Convite para Integração em Bloco Comercial

O Brasil foi convidado pelo governo dos Estados Unidos para fazer parte de um novo bloco comercial, cujo objetivo é estabelecer parcerias no setor de minerais críticos. O anúncio foi feito nesta quarta-feira (4) pelo vice-presidente americano, JD Vance.

Confirmação do Convite

A informação foi confirmada ao canal CNN Money pelo Departamento de Estado dos EUA. Além do Brasil, outros 54 países que participaram das reuniões nesta quarta-feira também receberam convite para se integrar a esta iniciativa.

Participação Brasileira

Representantes da embaixada brasileira em Washington participaram dos encontros, que ocorreram no Departamento de Estado, onde os convites foram oficialmente apresentados. O vice-presidente JD Vance expressou satisfação com a adesão de vários países, enquanto incentivou aqueles que ainda não se juntaram ao plano a concluir seus acordos rapidamente.

Acordos Firmados

Horas após esses encontros, o México, a União Europeia e o Japão firmaram, em formatos distintos, acordos com os Estados Unidos na área de minerais críticos. O principal objetivo do grupo formado é reorganizar a cadeia produtiva global de minerais críticos, a qual, atualmente, apresenta uma forte concentração na China.

Domínio Chinês no Setor

A China é a principal protagonista dessa cadeia, controlando desde a mineração até o refino e a fabricação de produtos de maior valor agregado. Essa concentração tem sido alvo de críticas constantes por parte de governos e empresas ocidentais. Mineradoras ocidentais alegam que a China influencia o mercado global de terras raras e outros minerais críticos por meio de subsídios, expansão coordenada da oferta e práticas de “precificação predatória”.

Impactos no Mercado Global

Esse modelo de mercado, segundo as empresas, resulta em ciclos de excesso de produto e quedas abruptas de preços, o que dificulta a viabilidade econômica de projetos em outros países fora do território chinês. A Agência Internacional de Energia (IEA) classificou essa concentração como um risco geopolítico severo, alertando que o domínio chinês permite a Pequim influenciar preços, controlar o acesso de países concorrentes e determinar o ritmo de avanços em tecnologias estratégicas, como semicondutores, veículos elétricos e sistemas de armazenamento de energia.

Estratégia do Governo Norte-Americano

A principal estratégia do governo dos Estados Unidos em estruturar este novo grupo visa reduzir os riscos associados a essa concentração. Entre as propostas discutidas está a criação de mecanismos de referência e de pisos de preços para determinados minerais críticos.

Objetivos das Medidas Propostas

A medida proposta busca garantir previsibilidade aos investimentos, reduzir os riscos de mercado e evitar que projetos se tornem inviáveis em face de distorções globais de preços. A ideia em análise prevê a implementação de instrumentos que possam mitigar quedas abruptas, assegurando um nível mínimo de remuneração aos empreendimentos.
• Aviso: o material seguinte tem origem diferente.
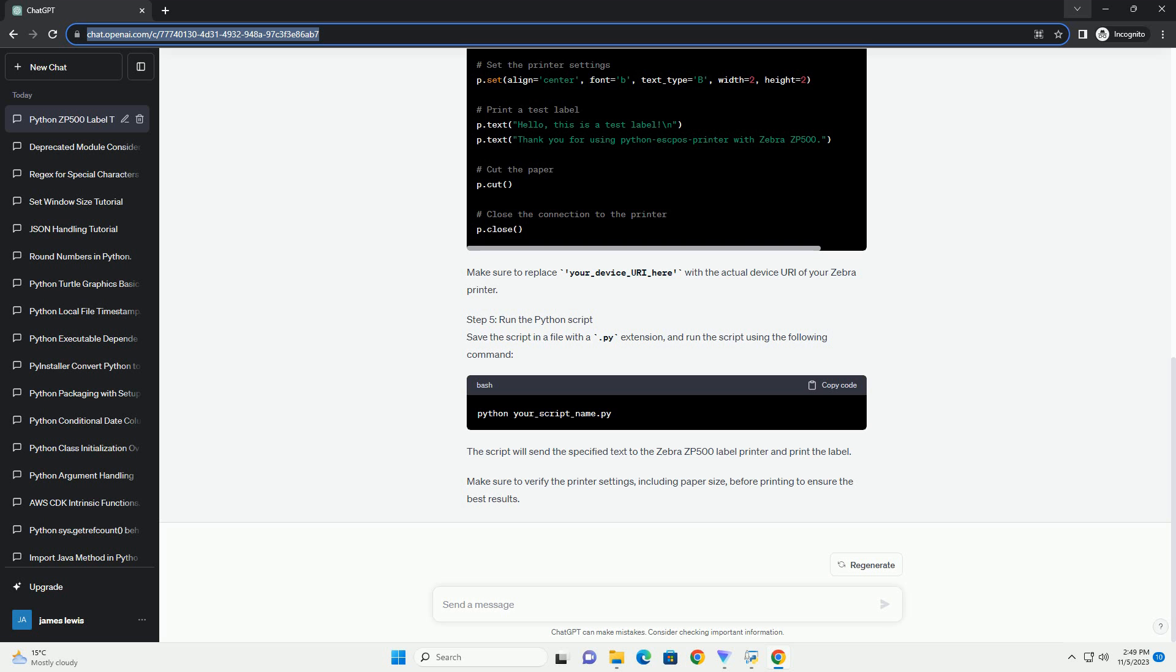To use the Python ESC PASprinter library with the Zebra ZP500 label printer, you'll need to configure the library with the appropriate settings for the Zebra printer. Here's a step-by-step tutorial on how to do this.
Comparações com Outros Acordos

Essa lógica é semelhante à adotada em acordos recentemente firmados entre países ocidentais, nos quais o foco não é a fixação artificial de preços, mas a oferta de previsibilidade suficiente para viabilizar investimentos de longo prazo. Um exemplo frequentemente citado por autoridades é o acordo de minerais críticos entre os Estados Unidos e a Austrália, que introduziu estruturas baseadas em padrões e contratos de longa duração, incluindo mecanismos de pisos de preços.
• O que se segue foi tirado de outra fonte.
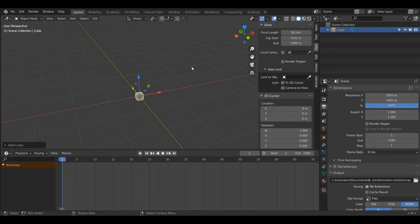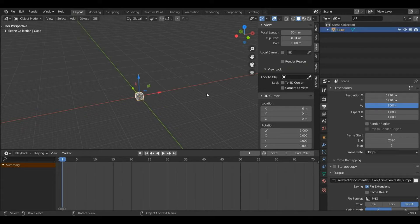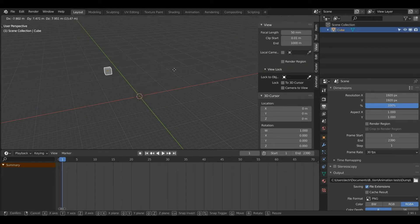If I want to move my cube I can press G with the cube selected. To select my cube I can just left click it, and then by pressing G I can move it around.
Proteção de Mercados Domésticos

Os objetivos declarados desses arranjos incluem a proteção dos mercados domésticos contra políticas consideradas “anti-mercado”, a redução da vulnerabilidade a choques de oferta e a limitação da exposição à manipulação de preços.
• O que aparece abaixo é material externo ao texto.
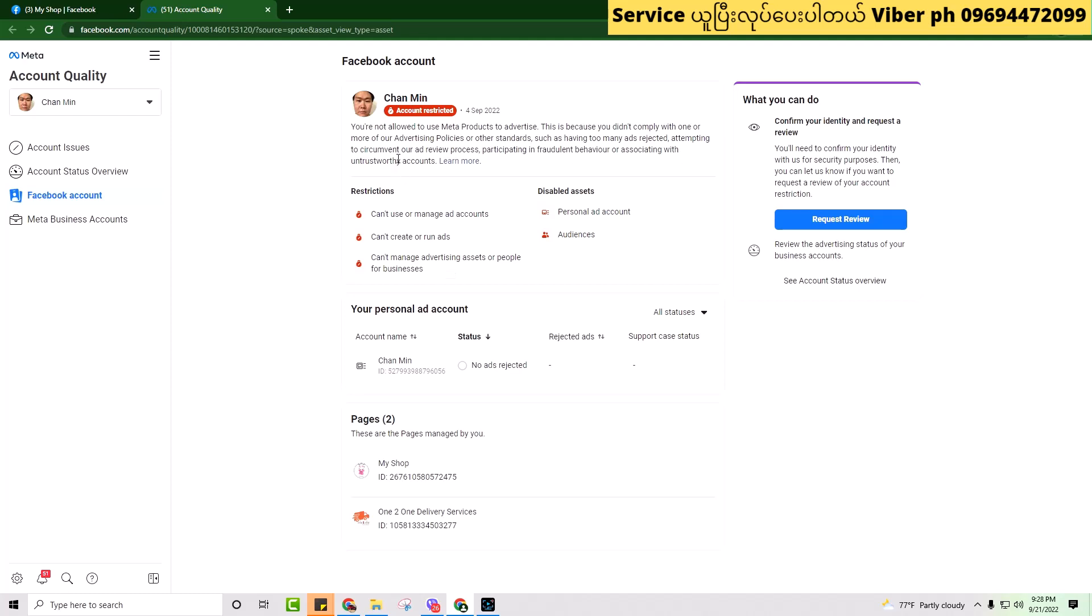Hello, my name is the host. We'll be looking at Ad Accounts in this video.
Avaliação do Convite pelo Governo Brasileiro

Apesar do convite recebido, membros do governo brasileiro estão avaliando, de forma preliminar, que a proposta ainda precisa ser analisada com cautela. Segundo fontes consultadas pela CNN Money, há preocupações dentro do governo federal sobre possíveis condicionantes comerciais, riscos de exclusividade e possíveis impactos sobre a autonomia da política comercial brasileira, além da necessidade de compatibilizar o convite com outros acordos e parcerias estratégicas em andamento.